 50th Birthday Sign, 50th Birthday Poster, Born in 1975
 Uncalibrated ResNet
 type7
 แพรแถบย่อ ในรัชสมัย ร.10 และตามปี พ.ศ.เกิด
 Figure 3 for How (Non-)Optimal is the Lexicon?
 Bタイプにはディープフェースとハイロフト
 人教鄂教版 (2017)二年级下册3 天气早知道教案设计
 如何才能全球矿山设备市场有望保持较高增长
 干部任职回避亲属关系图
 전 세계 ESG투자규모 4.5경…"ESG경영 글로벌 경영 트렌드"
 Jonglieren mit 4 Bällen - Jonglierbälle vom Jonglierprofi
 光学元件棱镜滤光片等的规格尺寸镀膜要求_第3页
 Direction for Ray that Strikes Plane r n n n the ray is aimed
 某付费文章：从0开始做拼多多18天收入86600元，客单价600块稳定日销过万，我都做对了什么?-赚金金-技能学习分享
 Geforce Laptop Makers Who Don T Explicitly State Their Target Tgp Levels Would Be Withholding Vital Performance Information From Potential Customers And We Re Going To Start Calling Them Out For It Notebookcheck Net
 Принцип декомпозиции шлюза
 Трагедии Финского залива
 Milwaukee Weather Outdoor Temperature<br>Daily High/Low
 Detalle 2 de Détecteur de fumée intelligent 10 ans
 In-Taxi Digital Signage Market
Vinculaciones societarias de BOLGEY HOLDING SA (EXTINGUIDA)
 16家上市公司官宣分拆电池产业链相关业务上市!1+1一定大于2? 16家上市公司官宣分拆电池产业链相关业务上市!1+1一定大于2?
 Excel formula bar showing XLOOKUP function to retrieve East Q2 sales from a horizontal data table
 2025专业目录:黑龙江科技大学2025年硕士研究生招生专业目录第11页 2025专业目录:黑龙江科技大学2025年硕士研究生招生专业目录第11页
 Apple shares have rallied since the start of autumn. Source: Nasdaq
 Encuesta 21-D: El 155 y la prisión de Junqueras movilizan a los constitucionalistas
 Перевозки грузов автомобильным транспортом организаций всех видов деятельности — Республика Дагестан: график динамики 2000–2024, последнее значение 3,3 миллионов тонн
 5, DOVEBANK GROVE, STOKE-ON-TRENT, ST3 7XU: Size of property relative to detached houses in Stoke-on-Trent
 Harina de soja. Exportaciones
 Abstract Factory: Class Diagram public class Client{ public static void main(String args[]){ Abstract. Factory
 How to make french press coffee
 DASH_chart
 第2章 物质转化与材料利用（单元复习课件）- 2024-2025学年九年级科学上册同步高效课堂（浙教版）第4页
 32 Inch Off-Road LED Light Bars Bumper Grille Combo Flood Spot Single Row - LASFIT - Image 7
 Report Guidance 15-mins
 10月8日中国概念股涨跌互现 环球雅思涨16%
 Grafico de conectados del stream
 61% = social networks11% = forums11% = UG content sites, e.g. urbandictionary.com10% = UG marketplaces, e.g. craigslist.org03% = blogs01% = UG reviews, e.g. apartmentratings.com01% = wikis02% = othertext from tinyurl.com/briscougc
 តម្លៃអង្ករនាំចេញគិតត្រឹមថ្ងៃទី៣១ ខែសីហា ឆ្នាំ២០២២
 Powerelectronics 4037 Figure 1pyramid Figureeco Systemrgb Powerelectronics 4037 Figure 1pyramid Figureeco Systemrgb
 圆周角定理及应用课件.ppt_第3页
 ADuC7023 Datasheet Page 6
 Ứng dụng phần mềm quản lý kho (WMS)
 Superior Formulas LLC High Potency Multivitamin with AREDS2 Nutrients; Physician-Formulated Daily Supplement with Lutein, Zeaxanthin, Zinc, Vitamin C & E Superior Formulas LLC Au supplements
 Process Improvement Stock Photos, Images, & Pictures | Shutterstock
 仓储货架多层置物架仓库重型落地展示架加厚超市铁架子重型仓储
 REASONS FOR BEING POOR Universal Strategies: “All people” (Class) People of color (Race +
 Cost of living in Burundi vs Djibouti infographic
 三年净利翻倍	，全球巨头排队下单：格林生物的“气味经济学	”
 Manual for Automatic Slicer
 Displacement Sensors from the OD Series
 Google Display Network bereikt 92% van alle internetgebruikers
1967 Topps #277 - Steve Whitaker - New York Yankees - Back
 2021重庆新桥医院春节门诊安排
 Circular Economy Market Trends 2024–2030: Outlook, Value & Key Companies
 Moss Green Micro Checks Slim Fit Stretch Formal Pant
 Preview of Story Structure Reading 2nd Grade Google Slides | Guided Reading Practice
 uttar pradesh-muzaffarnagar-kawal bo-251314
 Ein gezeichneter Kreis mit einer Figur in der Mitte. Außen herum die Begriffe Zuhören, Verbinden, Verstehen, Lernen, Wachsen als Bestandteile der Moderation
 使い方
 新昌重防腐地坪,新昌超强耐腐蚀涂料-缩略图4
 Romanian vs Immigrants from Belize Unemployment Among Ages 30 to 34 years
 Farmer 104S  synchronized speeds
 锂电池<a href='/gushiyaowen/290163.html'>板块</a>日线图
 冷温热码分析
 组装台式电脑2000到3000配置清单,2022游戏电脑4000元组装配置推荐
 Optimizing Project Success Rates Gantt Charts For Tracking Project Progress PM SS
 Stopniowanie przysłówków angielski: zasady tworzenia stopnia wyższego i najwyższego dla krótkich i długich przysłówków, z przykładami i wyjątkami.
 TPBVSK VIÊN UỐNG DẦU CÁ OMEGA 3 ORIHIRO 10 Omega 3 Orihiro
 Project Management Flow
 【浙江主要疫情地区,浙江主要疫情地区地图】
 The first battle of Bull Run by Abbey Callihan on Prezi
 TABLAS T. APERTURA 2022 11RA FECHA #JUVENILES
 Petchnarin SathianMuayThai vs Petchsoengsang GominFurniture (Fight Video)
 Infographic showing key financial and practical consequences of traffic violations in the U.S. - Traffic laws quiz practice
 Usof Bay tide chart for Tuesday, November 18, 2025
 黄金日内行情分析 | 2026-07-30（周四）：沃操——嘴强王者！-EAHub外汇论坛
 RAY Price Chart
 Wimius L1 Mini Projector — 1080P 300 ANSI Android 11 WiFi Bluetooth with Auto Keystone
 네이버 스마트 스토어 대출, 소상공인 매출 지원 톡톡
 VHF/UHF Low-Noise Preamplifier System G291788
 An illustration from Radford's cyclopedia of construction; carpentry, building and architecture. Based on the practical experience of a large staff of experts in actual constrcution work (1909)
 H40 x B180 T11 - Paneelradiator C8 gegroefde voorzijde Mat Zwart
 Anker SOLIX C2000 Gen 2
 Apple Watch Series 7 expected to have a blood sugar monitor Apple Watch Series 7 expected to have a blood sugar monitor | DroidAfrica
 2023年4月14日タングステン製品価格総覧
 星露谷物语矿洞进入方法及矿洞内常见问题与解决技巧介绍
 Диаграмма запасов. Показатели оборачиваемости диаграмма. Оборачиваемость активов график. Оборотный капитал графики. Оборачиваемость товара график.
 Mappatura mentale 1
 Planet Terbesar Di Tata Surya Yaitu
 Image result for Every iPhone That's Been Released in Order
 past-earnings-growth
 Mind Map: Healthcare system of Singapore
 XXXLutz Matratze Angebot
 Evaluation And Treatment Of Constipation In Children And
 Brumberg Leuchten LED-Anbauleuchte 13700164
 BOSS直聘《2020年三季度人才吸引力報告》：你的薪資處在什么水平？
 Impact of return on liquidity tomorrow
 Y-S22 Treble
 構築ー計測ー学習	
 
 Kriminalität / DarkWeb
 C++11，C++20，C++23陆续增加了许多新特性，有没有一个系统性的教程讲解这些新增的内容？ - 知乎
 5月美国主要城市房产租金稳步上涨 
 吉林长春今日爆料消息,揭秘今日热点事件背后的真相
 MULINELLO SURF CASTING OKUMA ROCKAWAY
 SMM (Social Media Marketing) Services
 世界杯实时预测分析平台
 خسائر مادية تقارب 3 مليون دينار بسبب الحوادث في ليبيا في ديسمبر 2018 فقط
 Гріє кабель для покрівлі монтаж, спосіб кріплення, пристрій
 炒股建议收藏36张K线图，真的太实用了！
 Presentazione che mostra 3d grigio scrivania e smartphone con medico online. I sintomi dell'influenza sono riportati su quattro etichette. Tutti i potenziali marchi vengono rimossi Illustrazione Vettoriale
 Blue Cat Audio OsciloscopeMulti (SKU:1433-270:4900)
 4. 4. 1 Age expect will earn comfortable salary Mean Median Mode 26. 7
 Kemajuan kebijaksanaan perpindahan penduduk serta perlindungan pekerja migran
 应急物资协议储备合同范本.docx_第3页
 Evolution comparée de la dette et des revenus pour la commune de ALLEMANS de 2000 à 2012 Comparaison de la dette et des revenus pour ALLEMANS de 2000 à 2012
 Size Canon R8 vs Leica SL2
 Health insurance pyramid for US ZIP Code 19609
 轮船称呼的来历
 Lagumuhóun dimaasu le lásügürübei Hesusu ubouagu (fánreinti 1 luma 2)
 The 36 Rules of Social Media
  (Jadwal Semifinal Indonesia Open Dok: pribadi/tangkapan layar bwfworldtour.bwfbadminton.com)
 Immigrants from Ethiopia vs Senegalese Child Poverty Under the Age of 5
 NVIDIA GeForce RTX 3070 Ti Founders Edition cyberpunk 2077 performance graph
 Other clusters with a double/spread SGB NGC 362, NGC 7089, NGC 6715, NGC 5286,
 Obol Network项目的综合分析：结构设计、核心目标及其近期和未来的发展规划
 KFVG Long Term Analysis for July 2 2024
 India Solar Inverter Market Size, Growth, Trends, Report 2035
***
▶ EXERCISE DETAILS
In your answer, include only the lines above starting at the line that holds "The first battle" and ending at the line that holds "Planet Terbesar Di Tata Surya Yaitu", copied exactly.

▶ ANSWER BELOW
 The first battle of Bull Run by Abbey Callihan on Prezi
 TABLAS T. APERTURA 2022 11RA FECHA #JUVENILES
 Petchnarin SathianMuayThai vs Petchsoengsang GominFurniture (Fight Video)
 Infographic showing key financial and practical consequences of traffic violations in the U.S. - Traffic laws quiz practice
 Usof Bay tide chart for Tuesday, November 18, 2025
 黄金日内行情分析 | 2026-07-30（周四）：沃操——嘴强王者！-EAHub外汇论坛
 RAY Price Chart
 Wimius L1 Mini Projector — 1080P 300 ANSI Android 11 WiFi Bluetooth with Auto Keystone
 네이버 스마트 스토어 대출, 소상공인 매출 지원 톡톡
 VHF/UHF Low-Noise Preamplifier System G291788
 An illustration from Radford's cyclopedia of construction; carpentry, building and architecture. Based on the practical experience of a large staff of experts in actual constrcution work (1909)
 H40 x B180 T11 - Paneelradiator C8 gegroefde voorzijde Mat Zwart
 Anker SOLIX C2000 Gen 2
 Apple Watch Series 7 expected to have a blood sugar monitor Apple Watch Series 7 expected to have a blood sugar monitor | DroidAfrica
 2023年4月14日タングステン製品価格総覧
 星露谷物语矿洞进入方法及矿洞内常见问题与解决技巧介绍
 Диаграмма запасов. Показатели оборачиваемости диаграмма. Оборачиваемость активов график. Оборотный капитал графики. Оборачиваемость товара график.
 Mappatura mentale 1
 Planet Terbesar Di Tata Surya Yaitu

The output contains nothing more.